RECORDS SUPPLIED below:

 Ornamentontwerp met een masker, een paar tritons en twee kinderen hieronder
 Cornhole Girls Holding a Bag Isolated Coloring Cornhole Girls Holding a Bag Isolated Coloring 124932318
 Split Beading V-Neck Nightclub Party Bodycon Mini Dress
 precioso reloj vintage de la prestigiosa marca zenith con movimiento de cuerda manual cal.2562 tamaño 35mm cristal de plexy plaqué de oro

End of RECORDS SUPPLIED.
RECORDS SUPPLIED below:

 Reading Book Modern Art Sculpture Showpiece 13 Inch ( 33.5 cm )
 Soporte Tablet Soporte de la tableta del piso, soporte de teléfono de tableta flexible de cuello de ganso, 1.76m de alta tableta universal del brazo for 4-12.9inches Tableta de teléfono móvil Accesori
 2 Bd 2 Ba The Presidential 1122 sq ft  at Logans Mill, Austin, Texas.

End of RECORDS SUPPLIED.

Would you print, exactly as written, every line above from the one holding "Reading Book Modern" through the one holding "2 Bd 2 Ba The", with both included and no other lines?

 Reading Book Modern Art Sculpture Showpiece 13 Inch ( 33.5 cm )
 Soporte Tablet Soporte de la tableta del piso, soporte de teléfono de tableta flexible de cuello de ganso, 1.76m de alta tableta universal del brazo for 4-12.9inches Tableta de teléfono móvil Accesori
 2 Bd 2 Ba The Presidential 1122 sq ft  at Logans Mill, Austin, Texas.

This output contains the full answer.